Bangladesh was, up till 1971, East Pakistan. But the transition from East Pakistan to Bangladesh was not an easy one. Tired of being clubbed with groups they felt they did not belong to – the Sindhs and the Pashtuns – and dominated by the leadership in West Pakistan, the Bengalis in the East desperately wanted to break free. However, Pakistan was not ready to cut them loose. And so ensued devastating violence and destruction.
On the night of 25 March 1971, the forces of Pakistan launched an “Operation Searchlight” to end the resistance once and for all. The Bengalis, the Hindus and anybody who resisted was brutally suppressed and slaughtered.
There is no exact estimate of how many died that night, but the figure ranges from 10,000 to 35,000. Educational spaces were not spared either, with hundreds of students killed in Dhaka University.
Simultaneous attacks were launched in Peelkhana and Rajarbagh.
Offices of dailies such as Daily Ittefaq were burned down too and a number of journalists and newspaper staff were charred to death. Anyone who resisted was violently put down.
According to a Dhaka Tribune report, before the violence was unleashed, however, the then President Yahya Khan left for the safety of Lahore. Zulfiqar Ali Bhutto, president of the Pakistan People's Party, observed the operation from the Hotel Intercontinental of Dhaka.

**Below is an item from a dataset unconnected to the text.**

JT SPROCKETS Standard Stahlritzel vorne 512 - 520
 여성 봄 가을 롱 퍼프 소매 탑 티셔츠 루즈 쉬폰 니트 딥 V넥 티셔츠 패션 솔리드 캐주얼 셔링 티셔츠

Thanks to God that Pakistan could have been saved.Zulfiqar Ali Bhutto
On 26 March, Bhutto even expressed his appreciation of the army's actions before leaving from Dhaka.
But while 25 March did mark the beginning of the ruthless, ambitious Operation Searchlight, the forces from West Pakistan did not succeed in crushing the rebellion completely. By the end of that year, the Bengalis had gained their independence.
The fateful day, however, is remembered each year as "Genocide Day" in Bangladesh.
On 25 March 2018, Bangladesh will be observing a one-minute blackout in memory of all that was lost on Genocide Day.